2. So if businesses want the kind of marketing tools that brings in that level of work, they should be prepared to pay fairly for the quality of the design that they’re receiving, just as they expect to be paid fairly for their work.
I guess you could say we’re talking about the Golden Rule here.  Or maybe karma. Respect cuts both ways, doesn’t it?

Monday, February 7, 2011

What Graphic Designers REALLY Do (and it's not art)

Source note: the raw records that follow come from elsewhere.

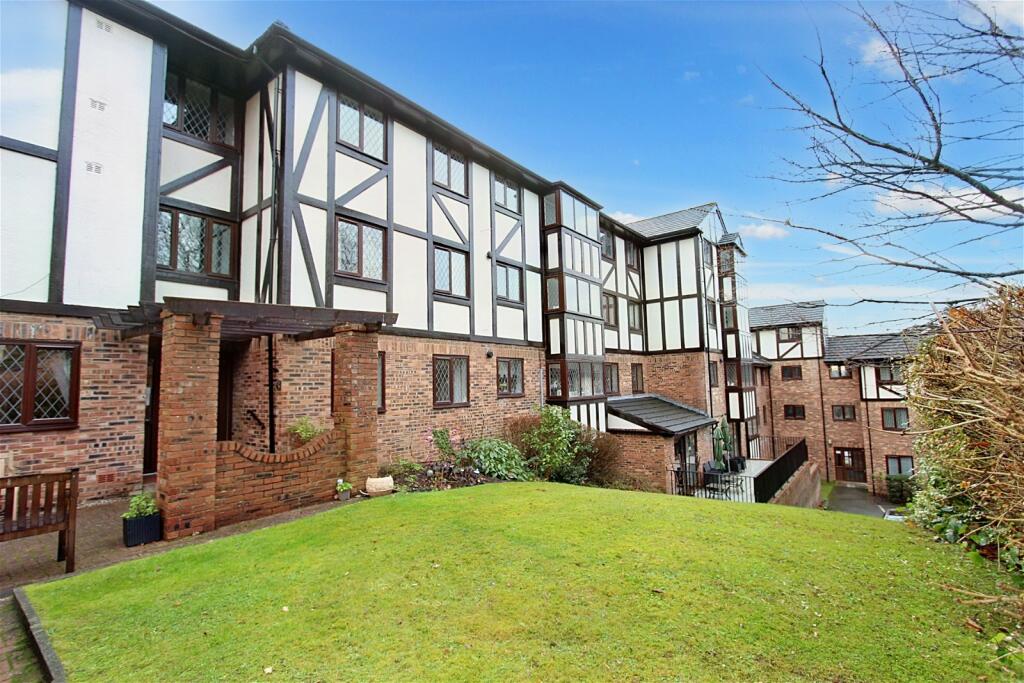 2 bedroom retirement property for sale in Bankside Court, Heaton Mersey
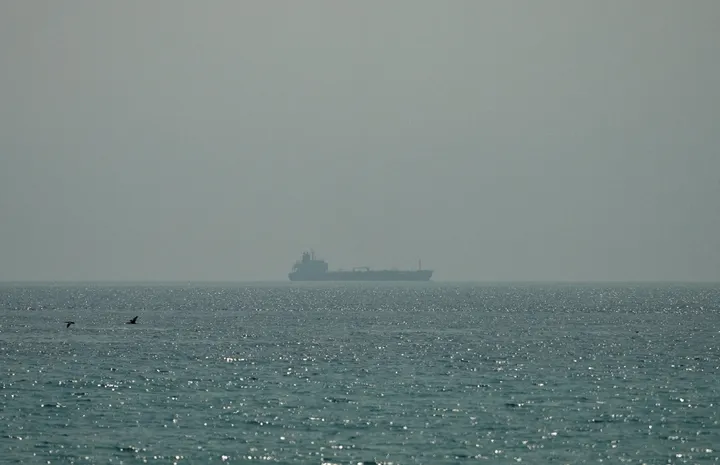 Iran: un pétrolier heurte une mine dans le détroit d'Ormuz et prend feu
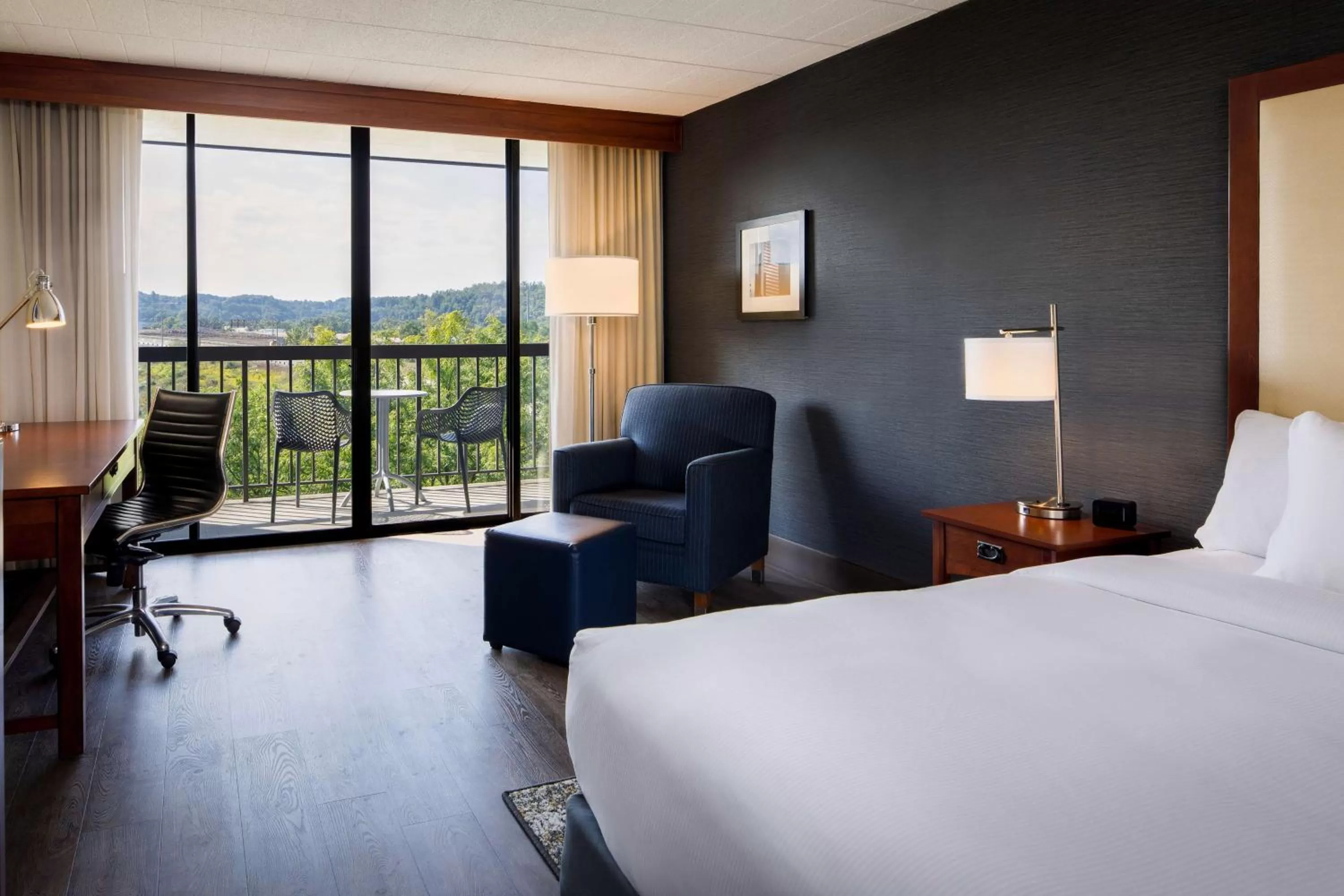 Bedroom, Bed in DoubleTree by Hilton Pittsburgh - Cranberry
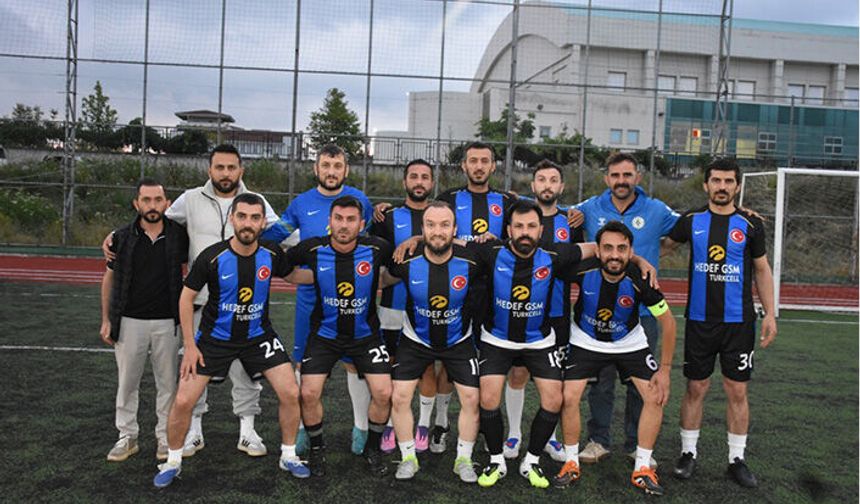 Hedef GSM Turkcell Penaltılarla Çeyrek Finalde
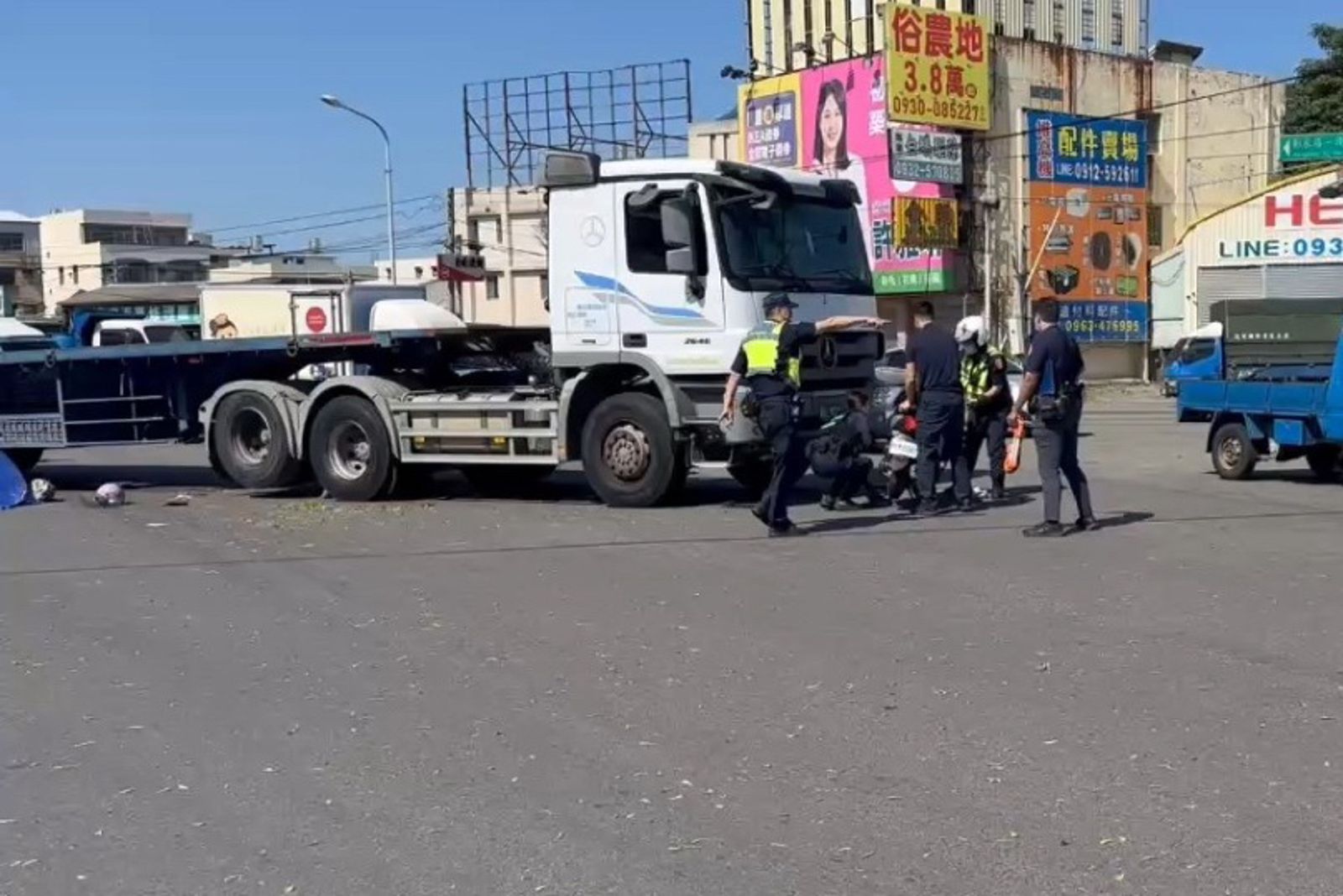 女騎士受困在聯結車車底,送醫不治。圖/民眾提供
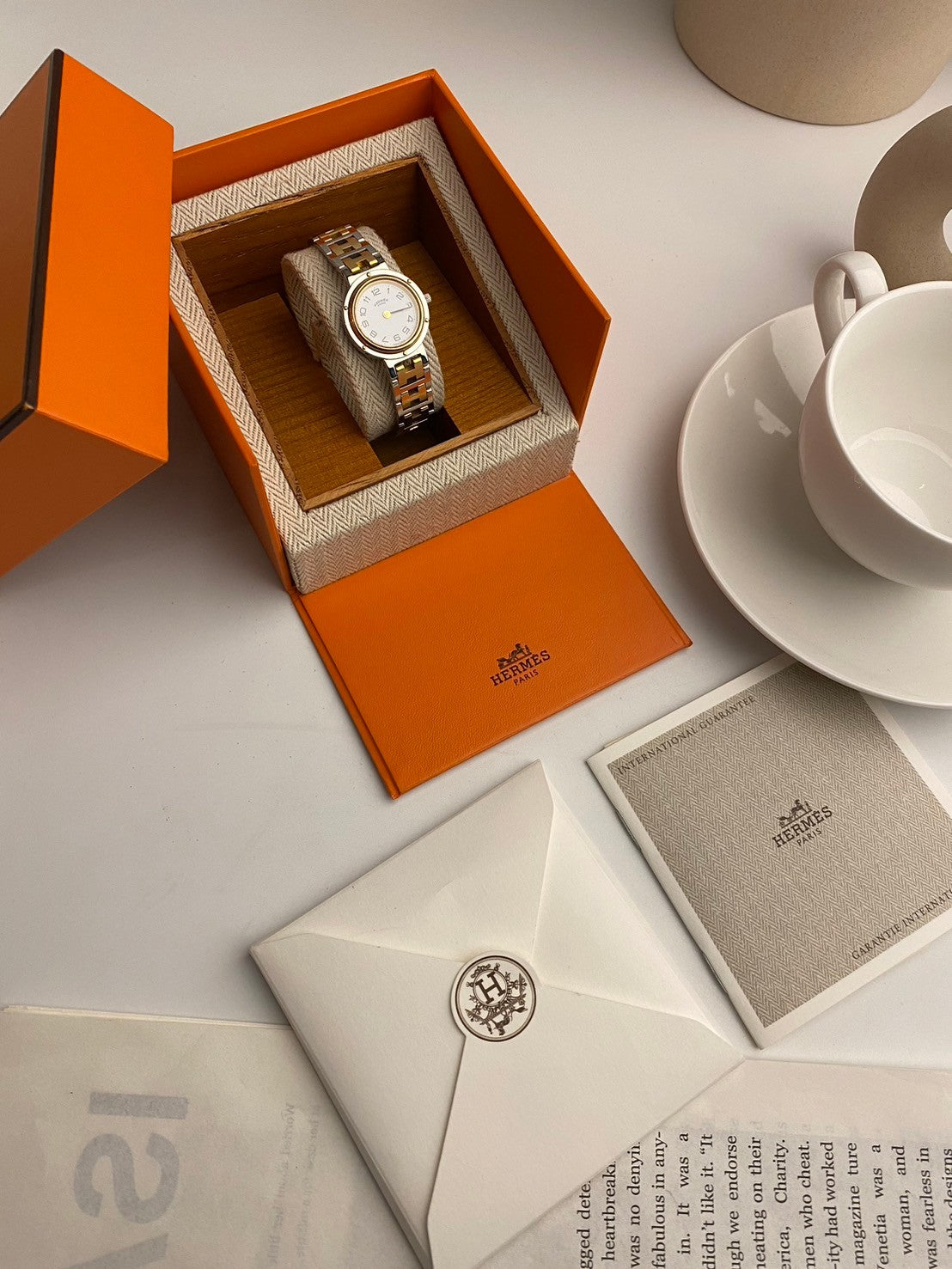 hermes white dial date watch  c.715752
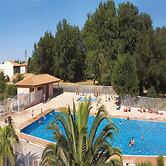 Sunny Coastal Escape in Saint-cyprien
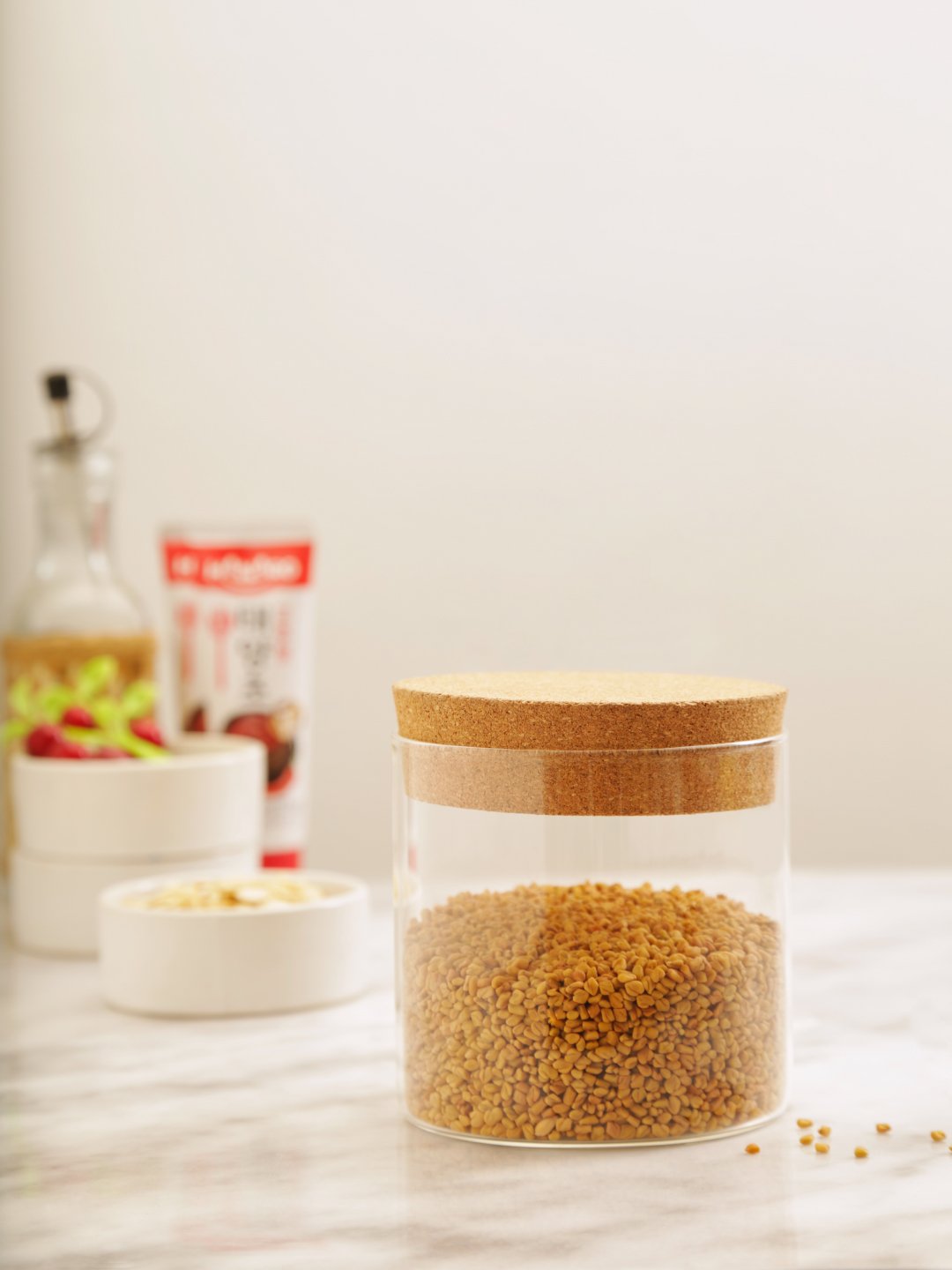 NATURALLYOURS Borosilicate Glass Storage Jar with Cork Stopper 1Pcs, 630ml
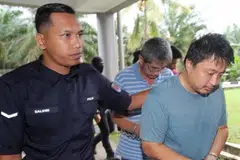 Dua daripada lima tertuduh – warga Singapura Tan Eng Yong (hadapan) dan warga Malaysia Lau Kam Wai – dibawa ke Mahkamah Sesyen Kota Tinggi pada 26 September untuk pendakwaan mencemar sungai di Johor yang menyebabkan kemudaratan terhadap pemeliharaan perkhidmatan air.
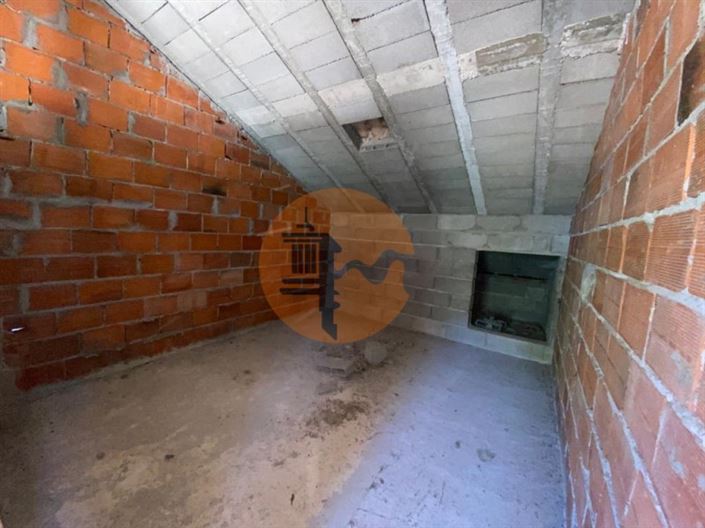 Image No.55-2 Bed House for sale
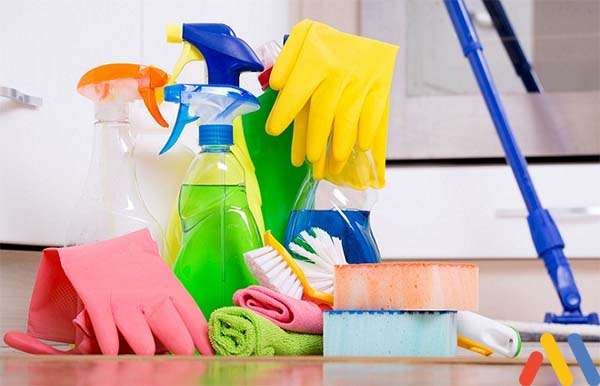 Không nên sử dụng chất tẩy rửa mạnh khi vệ sinh tủ đông Hòa Phát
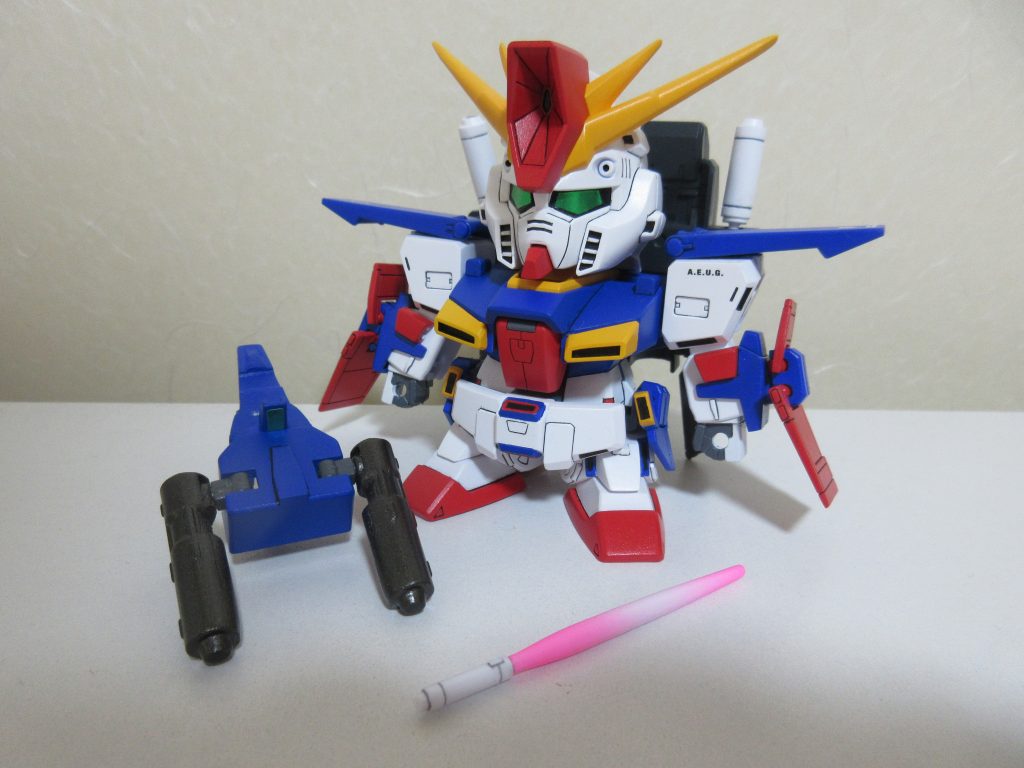 イジった部分は若干のアンテナの延長と肉抜き穴を埋めたくらいです。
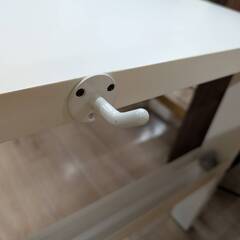 ジモティー割引🏷️【ジャングルジャングル 岸和田和泉インター店】昇降可能デスク ホワイト 和泉市 堺市 岸和田市 泉大津市 高石市 泉北郡熊取町の画像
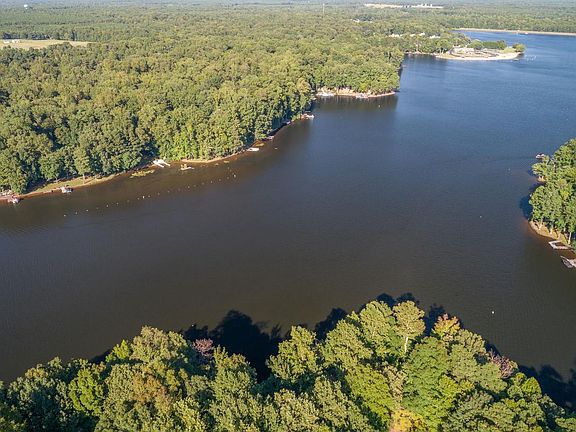 3rd image of 280 Lake Caroline Dr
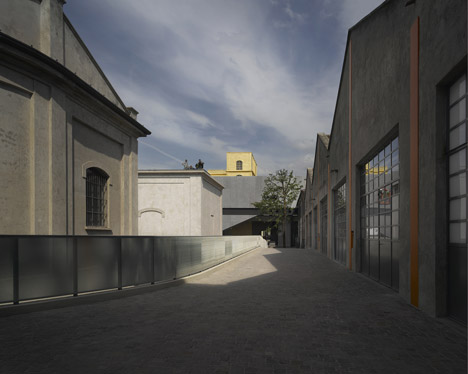 Fondazione-Prada walkway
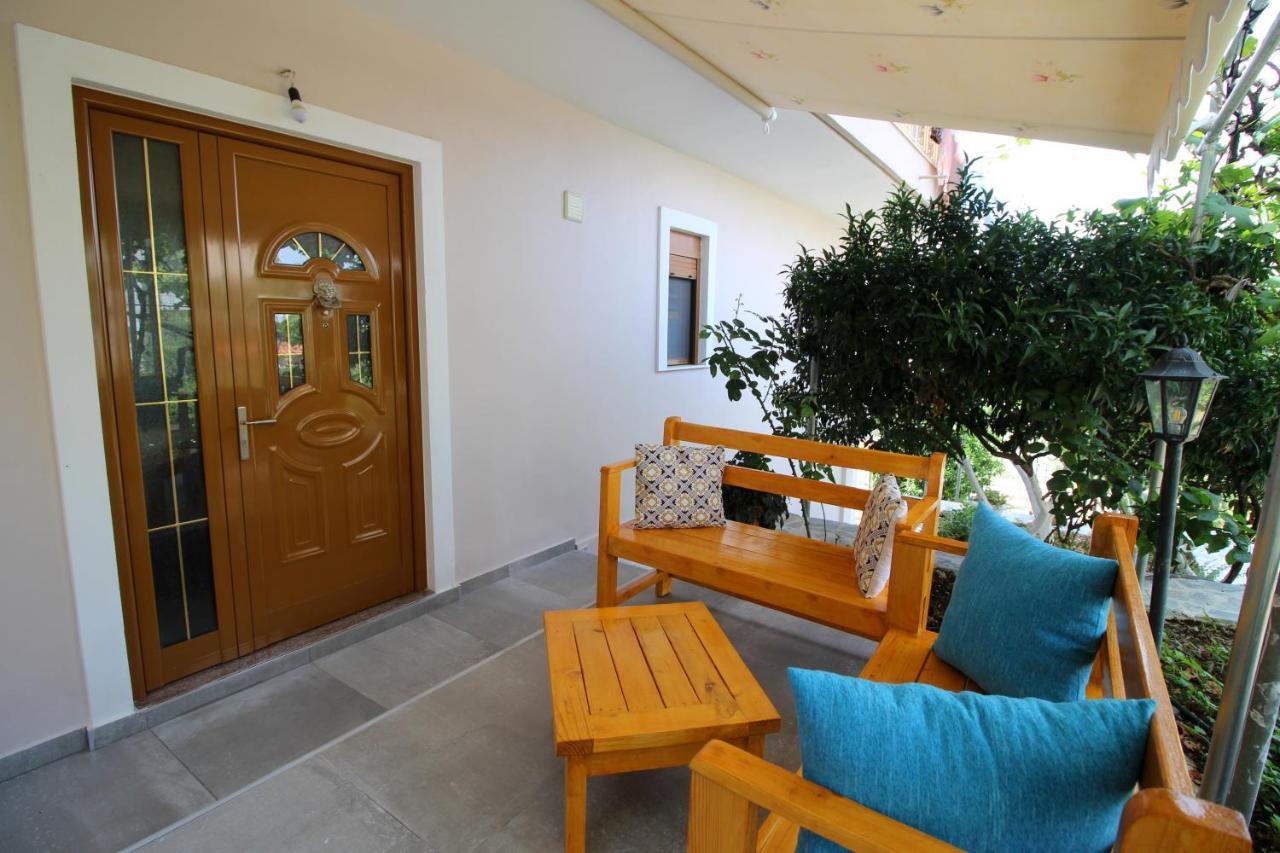 Villa 24 Sarandë Exteriör bild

I often encounter confusion among clients new to buying graphic design about what it is they should expect from me and the work they’re buying. Sometimes all they have is a vague notion that they’re going to get little pictures about what they sell, and that these pictures should be attractive so people will look at them. They tend to associate this process with art, and may think that design and art are the same thing. This is understandable since both art and design are visual in nature. But their functions are completely different.
When asked some years ago what the difference was, Milton Glaser (an icon of contemporary design) said something like this: the function of art is to intensify one’s perception of reality and create new languages of meaning. But the function of design is to communicate, and for that we must use known symbols.
Pretty deep (although not an exact quote). I read this at a time when I needed an Ah-Ha moment in my work, and Mr. Glaser came through. Coming from a fine art academic background, I had been trying to suss out how the two disciplines are related. I now had my answer. It has helped me understand the difference between artistic goals and design goals, and that I will be both a better artist and a better designer by always being clear about which is which and not confusing them.
This understanding has also kept me from becoming one of those dreaded stereotypes of the commercial art world: prima donna designers who disregard their clients’ ideas, insist they know best, and work in the vacuum of their own ego. To them I say: listening to your client is not a sell-out. It’s the only way you can create effective work. Work that is not effective is a failure, no matter how cool it is.
Here are some other designers’ takes on the difference between art and design:
Creative without strategy is called ‘art’. Creative with strategy is called ‘advertising’. – Jeff Richards
It is no secret that the real world in which the designer functions is not the world of art, but the world of buying and selling. – Paul Rand
Clients are the difference between design and art. — Michael Bierut
Here’s my take: it is the job of graphic design to combine words and pictures to create an image that will inspire a particular behavior. Specifically, I am supposed to create communications that will motivate people to behave in ways that benefit my clients. Usually that means “Buy our stuff.” It can also mean “Buy into our social cause” or “Vote for us.” What designers REALLY do is nothing more nor less than behavior modification. Designers are all closet Skinnerian psychologists.
I have found that sharing this viewpoint with clients is clarifying for them as well. It helps clients understand what they are really buying, and gives them a benchmark for evaluating its usefulness. This in turn helps me do better work because they are able to give me better direction. This is where design really differentiates from art: design is all about communication. Design puts aesthetic expression at the service of the client, not the creator. And when good communication exists between clients and designers, the communication between clients and their markets will be much more successful. For my clients, that’s the whole point.